Task objective:
Set the pictures aside and return each record below precisely as written.

#### Provided records

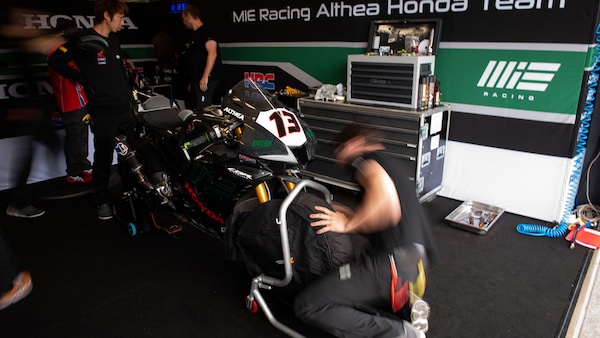 Dietro le quinte della SBK: il ruolo del capotecnico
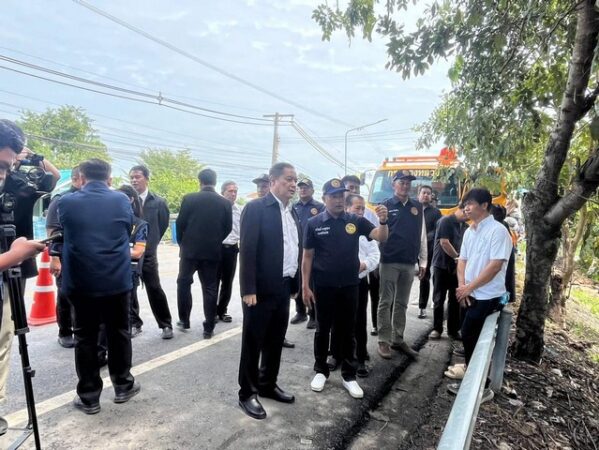 ปทุมธานี ผู้ว่าฯเอกวิทย์ ลงพื้นที่ด่วน ตรวจสอบสถานการณ์น้ำในแม่น้ำเจ้าพระยาที่กัดเซาะถนนบริเวณหน้าโรงเรียนวัดเมตารางค์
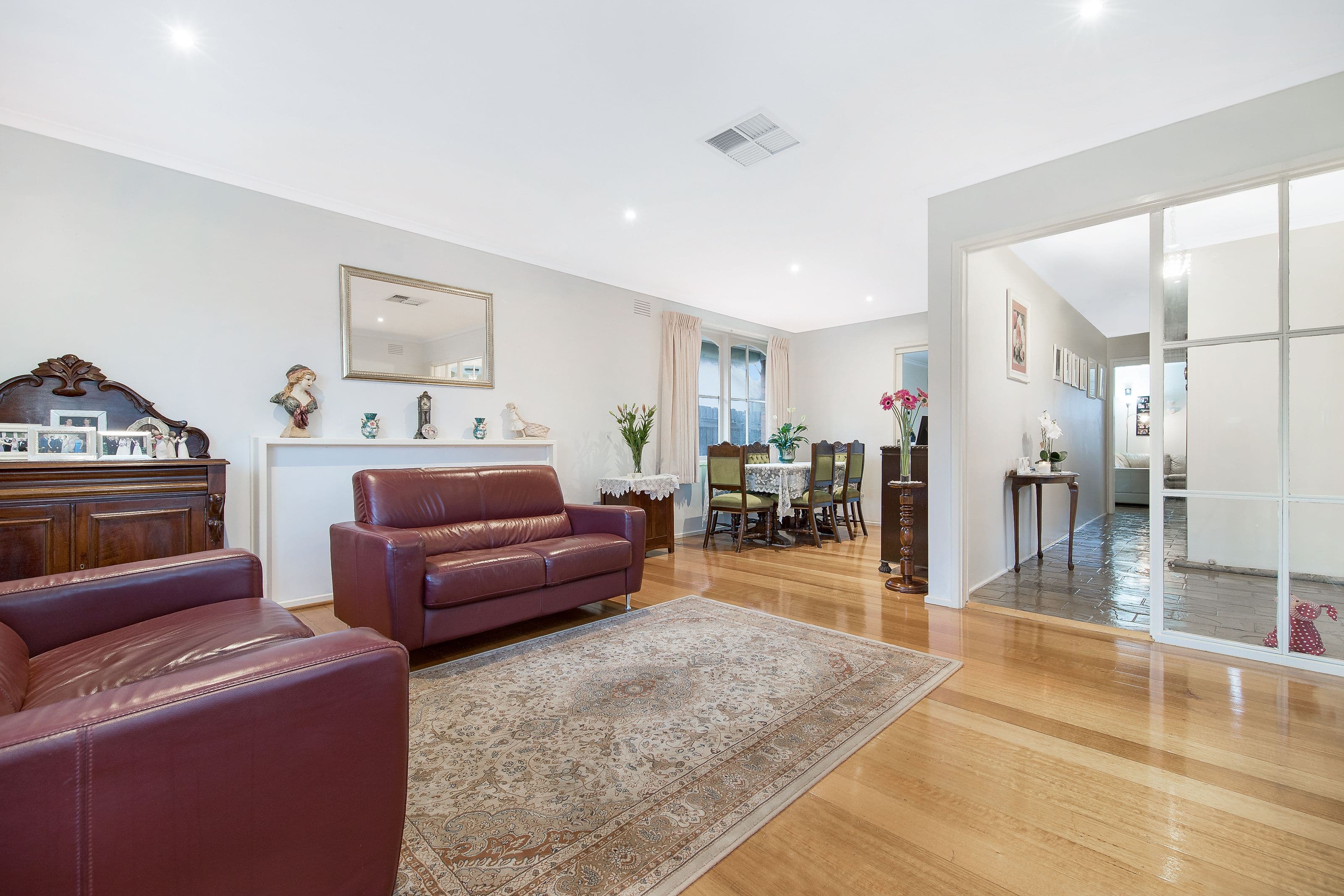 8 Jalna Close, Mulgrave VIC 3170, Mulgrave - Thumbnail 2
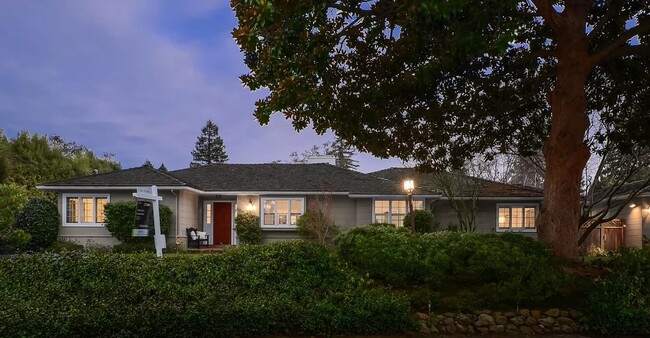 Building Photo - 325 Arden Rd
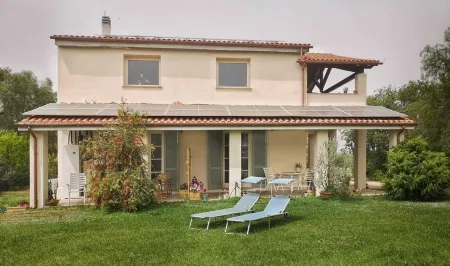 Pepe Apartment: Peace and Relaxation in the Maremma countryside. Отели рядом с достопримечательностью «La Feniglia»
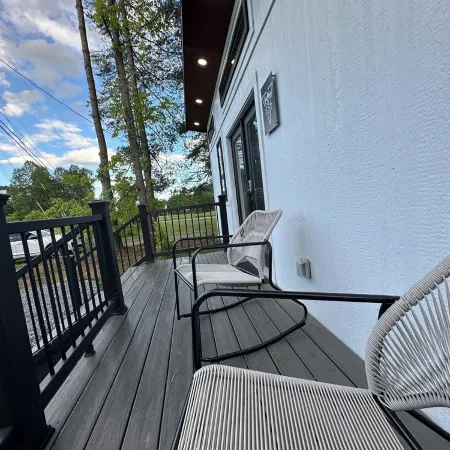 Layla Haus-Tiny Home W/Private Yard ~ Pet Friendly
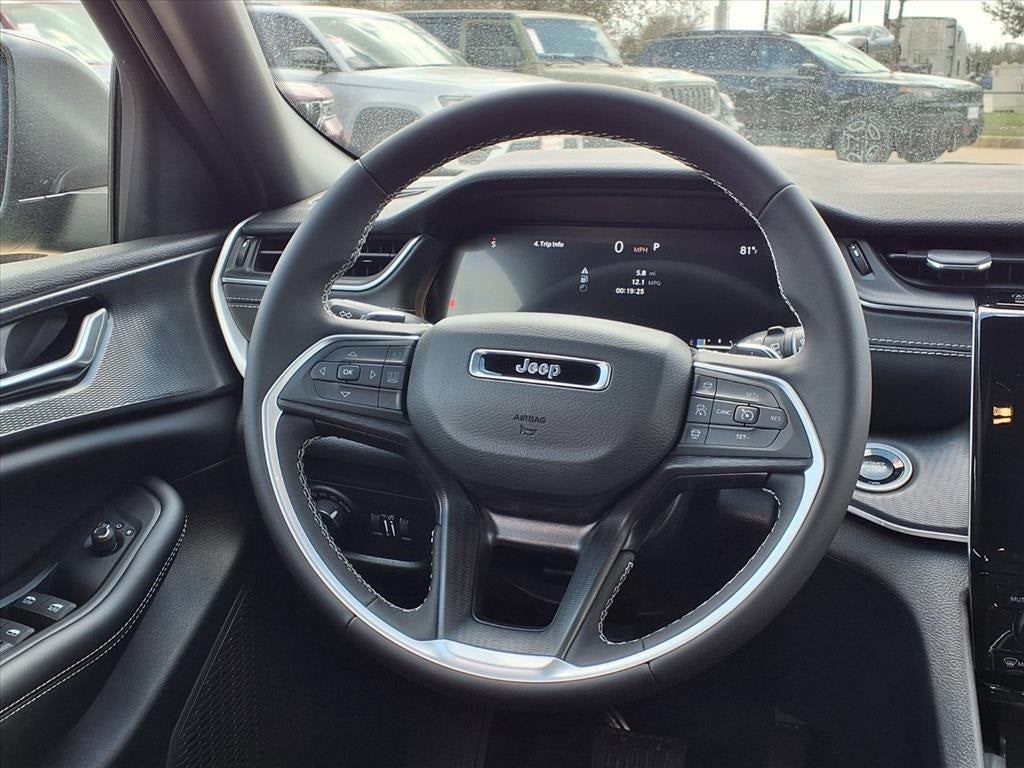 2026 Jeep Grand Cherokee Laredo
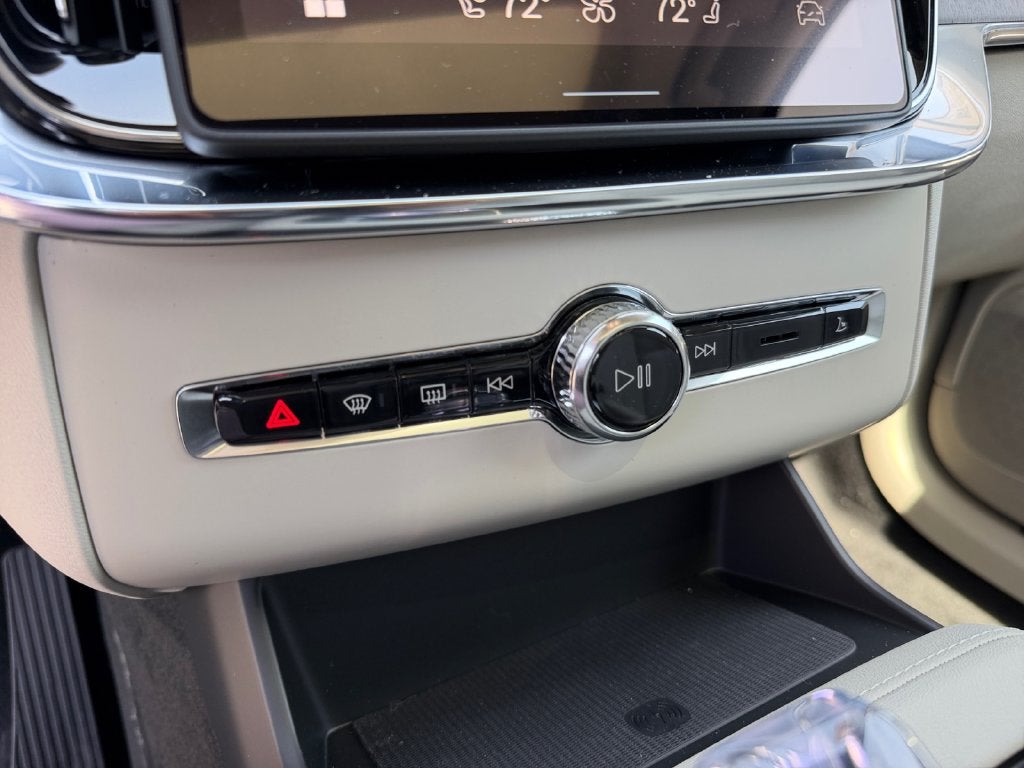 2026 Volvo XC90 B6 Ultra
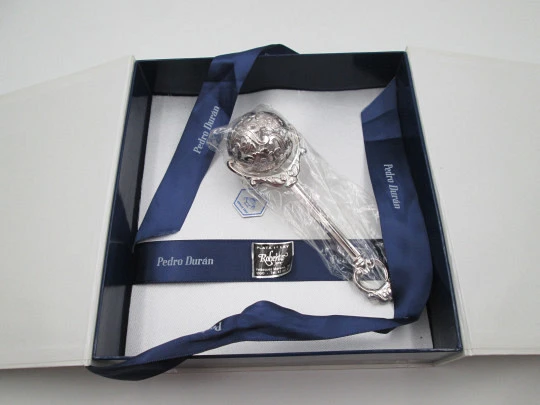 Pedro Duran baby rattle. 925 sterling silver. Flowers & vegetable motifs. Box. 1990's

########

Task solution:
 Dietro le quinte della SBK: il ruolo del capotecnico
 ปทุมธานี ผู้ว่าฯเอกวิทย์ ลงพื้นที่ด่วน ตรวจสอบสถานการณ์น้ำในแม่น้ำเจ้าพระยาที่กัดเซาะถนนบริเวณหน้าโรงเรียนวัดเมตารางค์
 8 Jalna Close, Mulgrave VIC 3170, Mulgrave - Thumbnail 2
 Building Photo - 325 Arden Rd
 Pepe Apartment: Peace and Relaxation in the Maremma countryside. Отели рядом с достопримечательностью «La Feniglia»
 Layla Haus-Tiny Home W/Private Yard ~ Pet Friendly
 2026 Jeep Grand Cherokee Laredo
 2026 Volvo XC90 B6 Ultra
 Pedro Duran baby rattle. 925 sterling silver. Flowers & vegetable motifs. Box. 1990's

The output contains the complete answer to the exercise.